Hadits di atas kedudukannya dha’if (lemah). Tetapi meskipun hadits tersebut lemah, posisinya tidak dalam menjelaskan suatu hukum, tetapi berkaitan dengan bab targhib dan tarhib (anjuran dan peringatan), yang disepakati otoritasnya di kalangan ahli hadits sejak generasi salaf. Ingat, bahwa yang menolak otoritas hadits dha’if secara mutlak, bukan ulama ahli hadits, akan tetapi kaum Wahabi abad modern yang dipelopori oleh Syaikh al-Albani.
Dalam hadits tersebut dinyatakan bahwa hari Rabu terakhir dalam setiap bulan adalah hari datangnya sial terus.
Keempat, berkaitan dengan bulan Shafar, Imam Bukhari dan Muslim meriwayatkan dalam Shahih-nya sebagai berikut ini:
عَنْ أَبِيْ هُرَيْرَةَ رضي الله عنه قَالَ إِنَّ رَسُولَ اللهِ صلى الله عليه وسلم: قَالَ لَا عَدْوَى وَلَا صَفَرَ وَلَا هَامَةَ. رواه البخاري ومسلم.
“Dari Abu Hurairah RARasulullah SAW bersabda: “Tidak ada penyakit menular. Tidak ada kepercayaan datangnya sial dari bulan Shafar. Tidak ada kepercayaan bahwa orang mati, rohnya menjadi burung yang terbang.” (HR. al-Bukhari dan Muslim).
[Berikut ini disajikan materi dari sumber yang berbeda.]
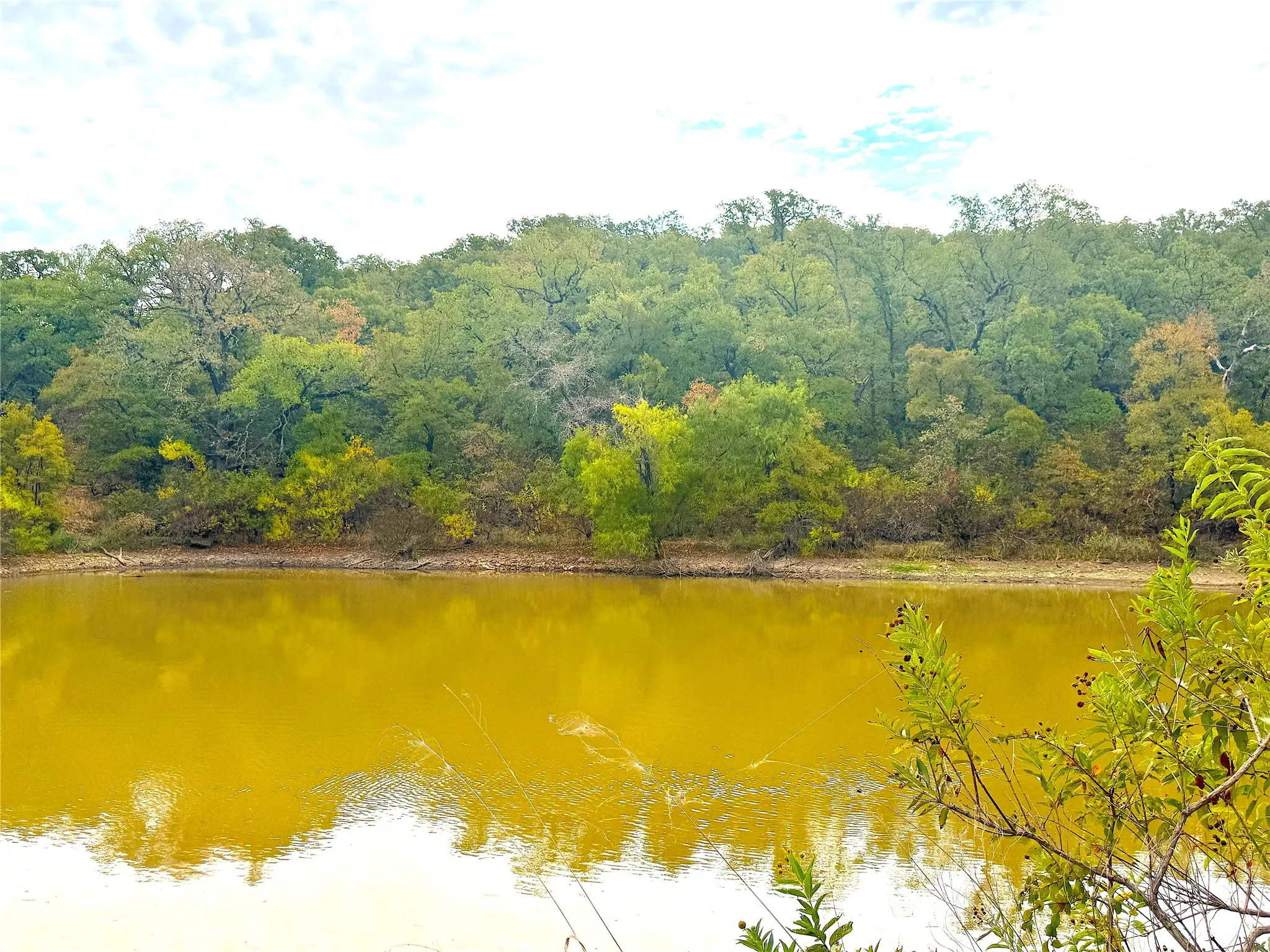 Ranch For Sale in Jack County , TBD Tx-148, Jacksboro, Texas 76458, 0, 0, Garage spaces, 0 Sqft, built in 0, mls#21405019, Real Estate Agent in Jacksboro, Homes For Sale in Jack county, Homes For Sale in Jacksboro, Realtor in Jacksboro Texas, Real Estate Brokerage Independent Realty Texas, Luminita Cordes Realtor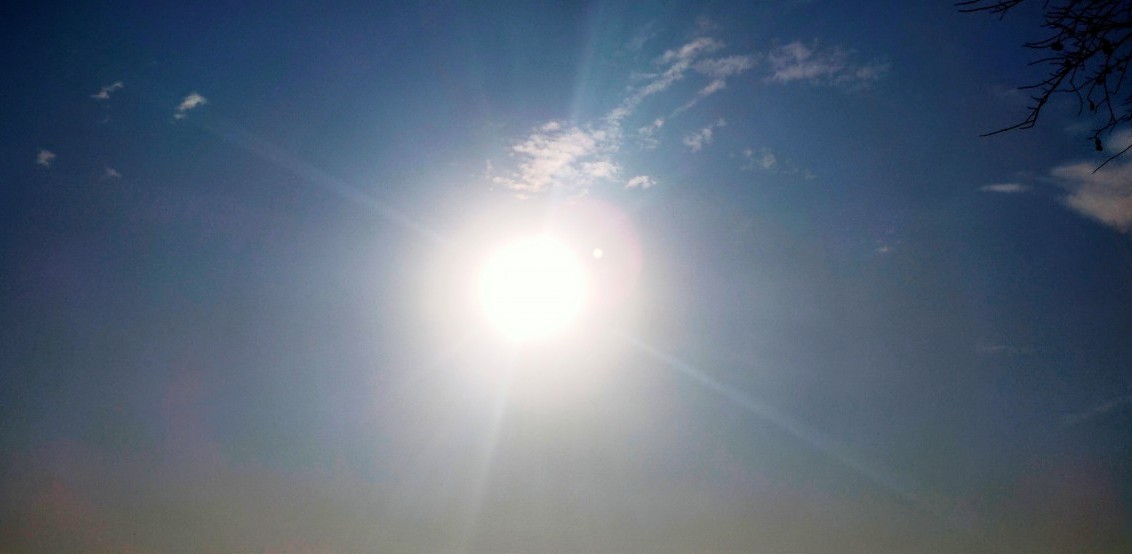 (Fot. PxHere/Divesh Ray)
Dalam menafsirkan kalimat “walaa shafar” dalam hadits di atas, al-Imam al-Hafizh al-Hujjah Ibn Rajab al-Hanbali, ulama salafi dan murid terbaik Syaikh Ibn Qayyim al-Jauziyah, berkata sebagai berikut:
أَنَّ الْمُرَادَ أَنَّ أَهْلَ الْجَاهِلِيَّةِ كَانُوْا يَسْتَشْئِمُوْنَ بِصَفَر وَيَقُوْلُوْنَ: إِنَّهُ شَهْرٌ مَشْئُوْمٌ، فَأَبْطَلَ النَّبِيُّ صلى الله عليه وسلم ذَلِكَ، وَهَذَا حَكَاهُ أَبُوْ دَاوُودَ عَنْ مُحَمَّدِ بْنِ رَاشِدٍ الْمَكْحُوْلِيِّ عَمَّنْ سَمِعَهُ يَقُوْلُ ذَلِكَ، وَلَعَلَّ هَذَا الْقَوْلَ أَشْبَهُ اْلأَقْوَالِ، وَ كَثِيْرٌ مِنَ الْجُهَّالِ يَتَشَاءَمُ بِصَفَر، وَ رُبَّمَا يَنْهَى عَنِ السَّفَرِ فِيْهِ، وَ التَّشَاؤُمُ بِصَفَر هُوَ مِنْ جِنْسِ الطِّيَرَةِ الْمَنْهِيِّ عَنْهَا. (الإمام الحافظ الحجة زين الدين ابن رجب الحنبلي، لطائف المعارف، ص/١٤٨).
“Maksud hadits di atas, orang-orang Jahiliyah meyakini datangnya sial dengan bulan Shafar. Mereka berkata, Shafar adalah bulan sial. Maka Nabi SAW membatalkan hal tersebut. Pendapat ini diceritakan oleh Abu Dawud dari Muhammad bin Rasyid al-Makhuli dari orang yang mendengarnya berpendapat demikian. Barangkali pendapat ini yang paling benar. Banyak orang awam yang meyakini datangnya sial pada bulan Shafar, dan terkadang melarang bepergian pada bulan itu. Meyakini datangnya sial dengan bulan Shafar termasuk jenis thiyarah (meyakini adanya pertanda buruk) yang dilarang.” (Al-Imam al-Hafizh Ibn Rajab al-Hanbali, Lathaif al-Ma’arif, hal. 148).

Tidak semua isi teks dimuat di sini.